Страница 61 из 66
Ничего не показывала участникам сборов 8-я отдельная бригада. Танкисты бригады тяжело переживали свалившуюся на них беду. Ведь они так гордились своим командиром — героем гражданской войны!
С новейшими боевыми средствами авиации и техникой противовоздушной обороны вместе с участниками сборов знакомились руководители Украины Косиор, Постышев, Петровский, Любченко. В Ржищеве всем показали еще одну новинку. Там на специально оборудованном полигоне танки двигались в атаку на «неприятельские» позиции, следуя вплотную за настоящим огневым валом. Огнем батарей мастерски управлял, не выходя из рамок заранее составленного графика, начальник артиллерии округа Николай Бобров.
На обратном пути командиры собрались в салоне парохода «Тарас Шевченко». Оживленный разговор о взаимодействии войск незаметно перескочил на больную тему: снова заговорили о Шмидте. В салоне находился и Якир. Все присутствующие полагали: уж кому-кому, а ему, депутату верховного органа власти, члену ЦК партии, вероятно, известна суть дела!
Первым с вопросом к командующему обратился Николай Криворучко. В салоне наступила гулкая тишина.
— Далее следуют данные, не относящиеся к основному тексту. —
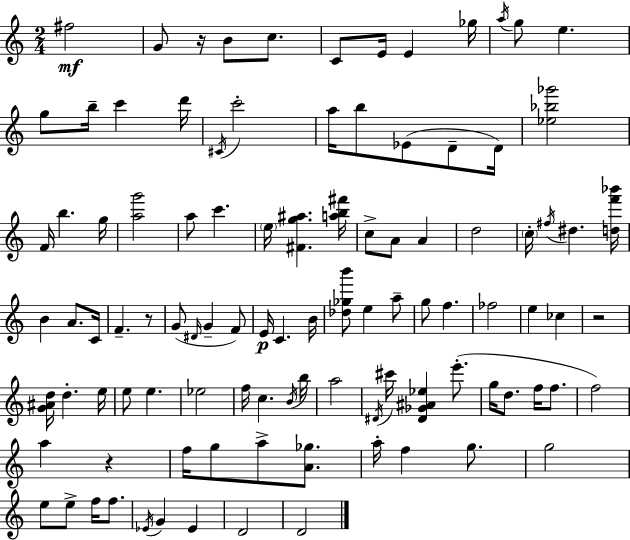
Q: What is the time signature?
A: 2/4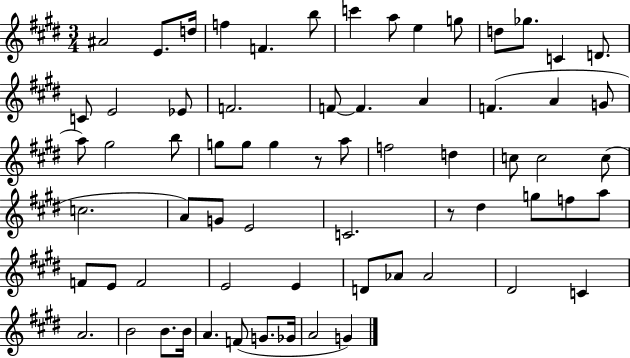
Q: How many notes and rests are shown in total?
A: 67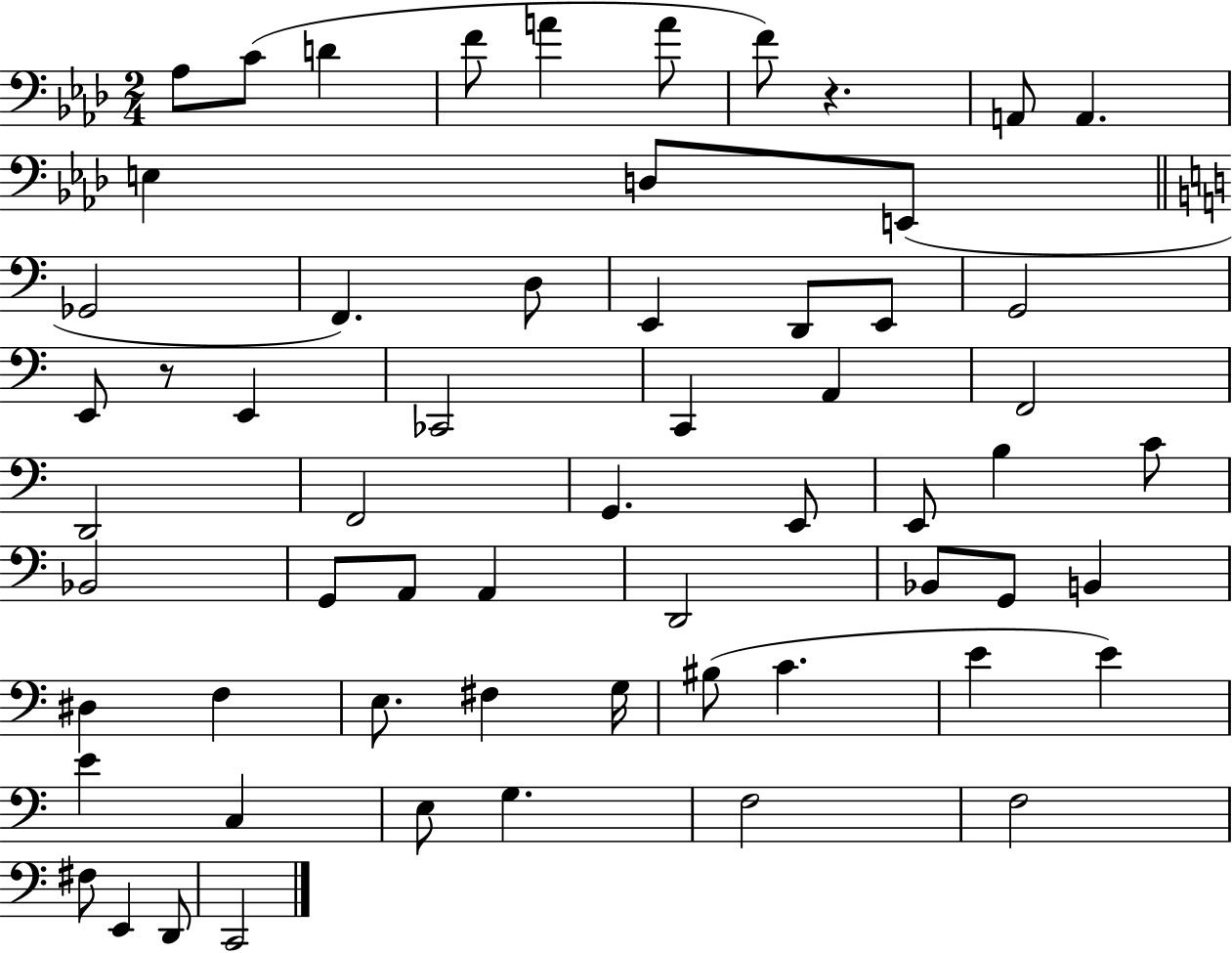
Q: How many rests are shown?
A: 2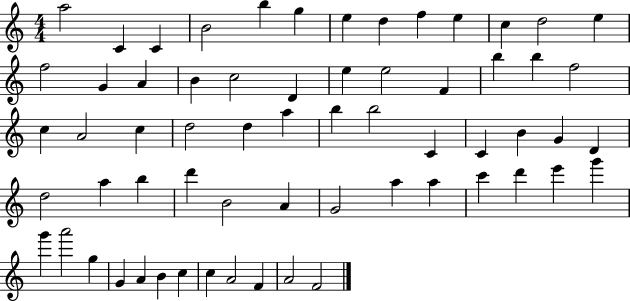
A5/h C4/q C4/q B4/h B5/q G5/q E5/q D5/q F5/q E5/q C5/q D5/h E5/q F5/h G4/q A4/q B4/q C5/h D4/q E5/q E5/h F4/q B5/q B5/q F5/h C5/q A4/h C5/q D5/h D5/q A5/q B5/q B5/h C4/q C4/q B4/q G4/q D4/q D5/h A5/q B5/q D6/q B4/h A4/q G4/h A5/q A5/q C6/q D6/q E6/q G6/q G6/q A6/h G5/q G4/q A4/q B4/q C5/q C5/q A4/h F4/q A4/h F4/h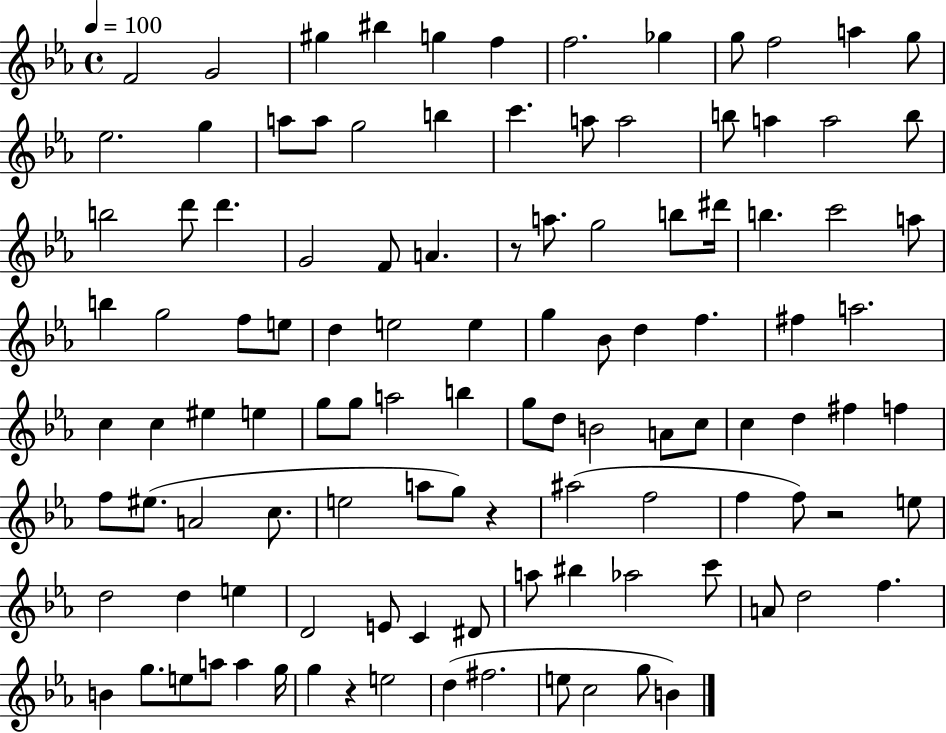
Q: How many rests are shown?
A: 4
— Что я вам скажу? — закурив, после длительной паузы ответил Якир. — Пока ничего не известно. Неизвестно даже мне и Амелину. Факт, понятно, очень неприятный. Шмидта мы все знаем. Смешно было бы отрекаться. Возможно, что из присутствующих здесь больше всех знаю Шмидта я. Да вот еще червонные казаки Демичев, Григорьев. Ну еще Саблин. Я думаю, что Шмидт хотя и имел в прошлом колебания, но на подлость не способен. Москва разберется, потерпите. Правда свое возьмет. Вас же, товарищи, прошу помнить о главном. Как это поется в песне: «Не спи, казак, во тьме ночной, чеченец бродит за рекой». Там, за Одером и Рейном, бродит страшный враг. От звериных воплей фашистов съежилась вся Европа, в том числе, сдается, и наши союзнички на берегах Сены. А если съежимся мы, погибнет Европа, погибнет весь мир. Раньше Россия спасла цивилизацию от Батыя, теперь большевики спасут ее от Гитлера. Для нас основное — крепить политическую и боевую готовность, держать порох сухим.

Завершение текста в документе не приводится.